* **What you should do**: Here the job is to print all of the entries below verbatim and leave out any picture.

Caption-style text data
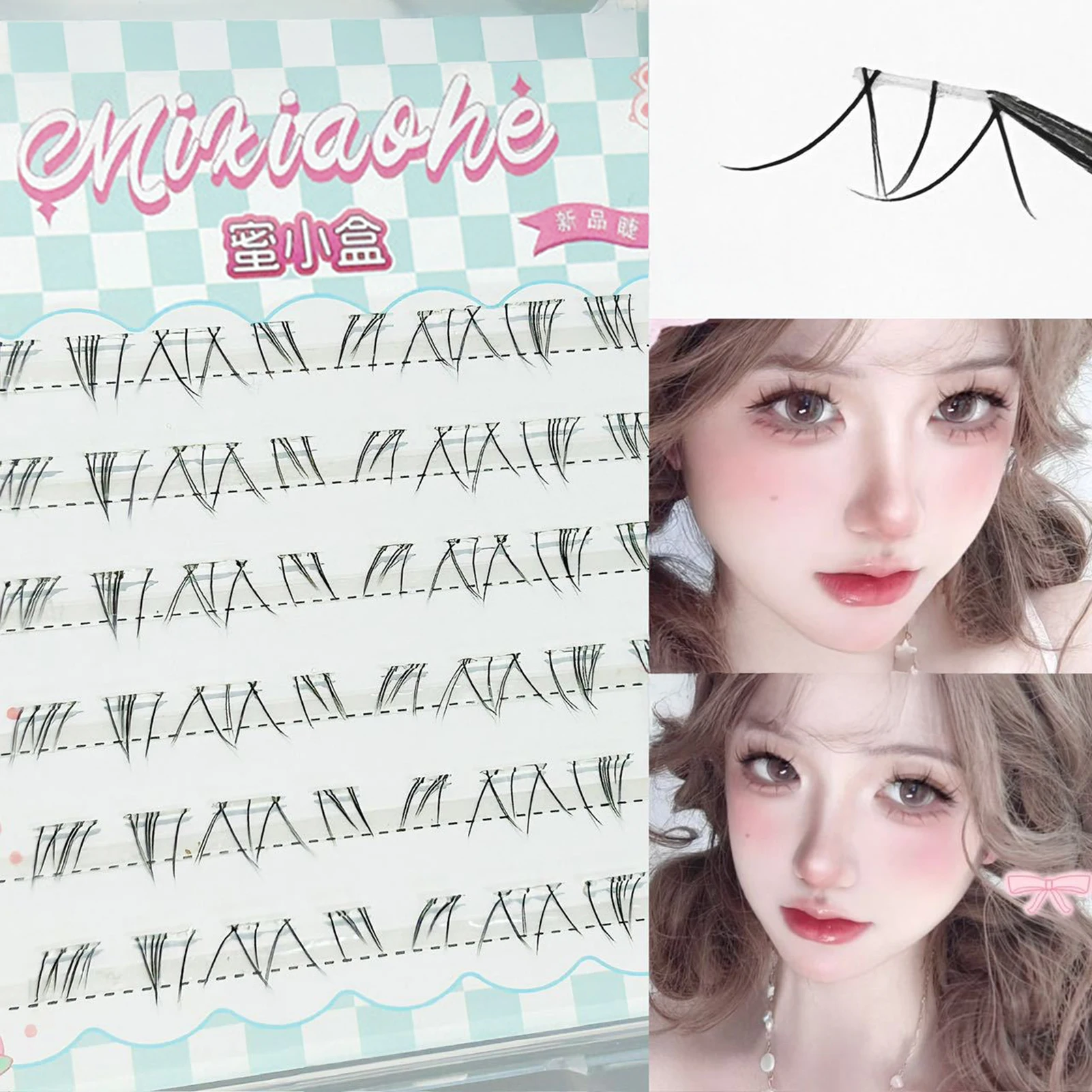 Bez Kleju Bez Taśmy Niewidoczna Taśma Indywidualne Kępki Rzęs Dolnych Przedłużanie Sztuczne Rzęsy Krótkie Naturalny Wygląd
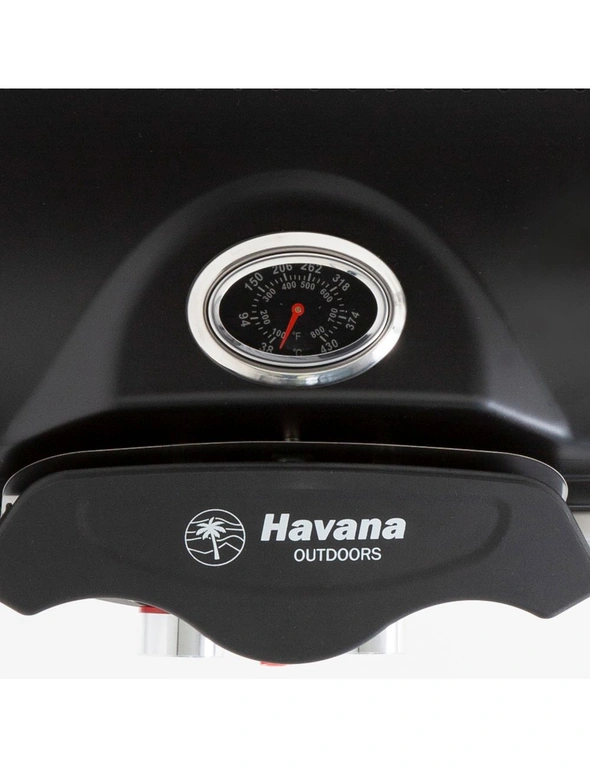 Havana Outdoors BBQ Mate Portable Gas Twin Burn Grill - Black, hi-res image number null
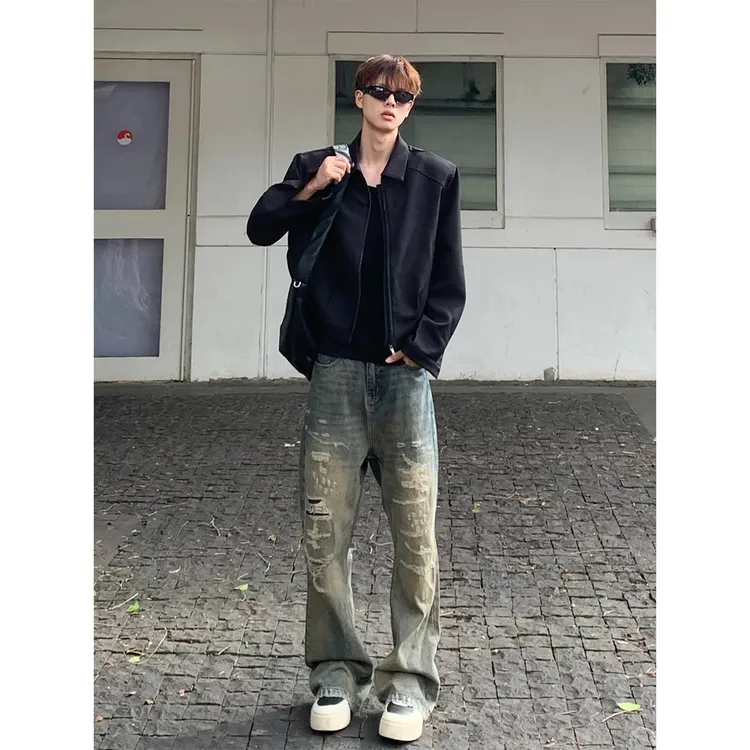 美式cleanfit黑色短款外套男高级感痞帅垫肩行政夹克正肩棒球服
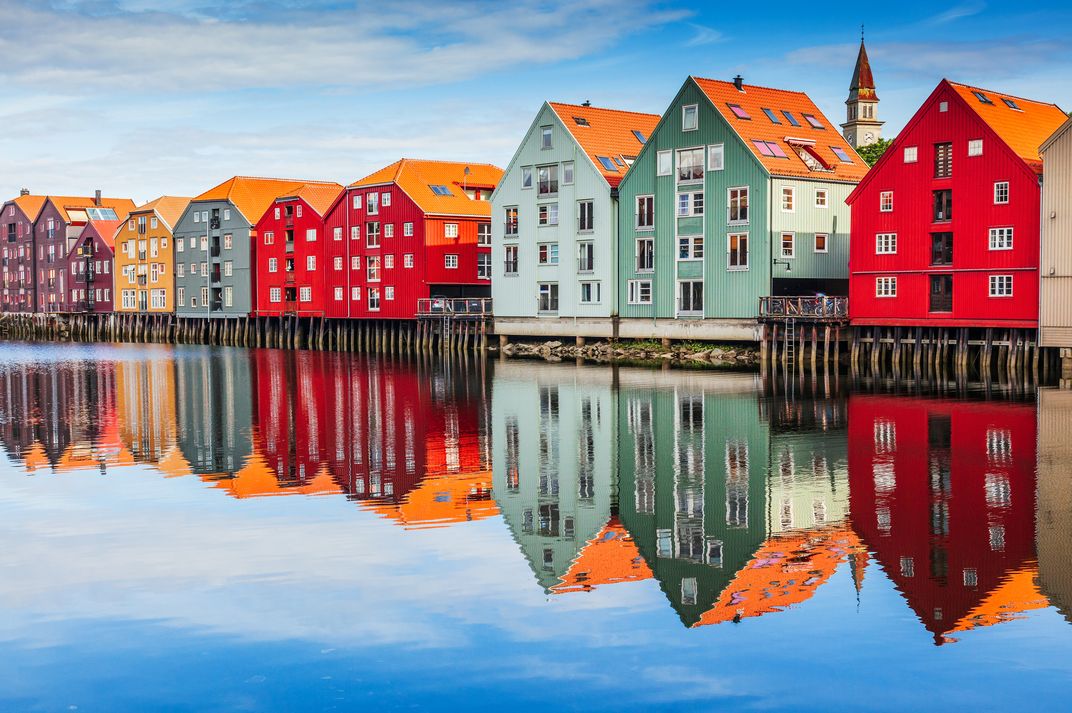 Colorful buildings in the Old Town District of Trondheim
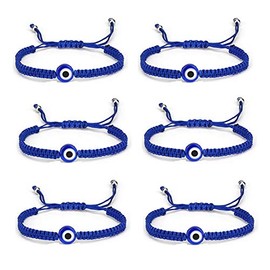 Evil Eye String Kabbalah Hamsa Hand Cord Bracelet Hand-Woven Adjustable Rope Fatima Hand Ancient Friendship Charm Anklet for Women Protection Lucky Jewelry-Blue Round, 9 inch, rope Resin, rope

* **Exercise solution**:
 Bez Kleju Bez Taśmy Niewidoczna Taśma Indywidualne Kępki Rzęs Dolnych Przedłużanie Sztuczne Rzęsy Krótkie Naturalny Wygląd
 Havana Outdoors BBQ Mate Portable Gas Twin Burn Grill - Black, hi-res image number null
 美式cleanfit黑色短款外套男高级感痞帅垫肩行政夹克正肩棒球服
 Colorful buildings in the Old Town District of Trondheim
 Evil Eye String Kabbalah Hamsa Hand Cord Bracelet Hand-Woven Adjustable Rope Fatima Hand Ancient Friendship Charm Anklet for Women Protection Lucky Jewelry-Blue Round, 9 inch, rope Resin, rope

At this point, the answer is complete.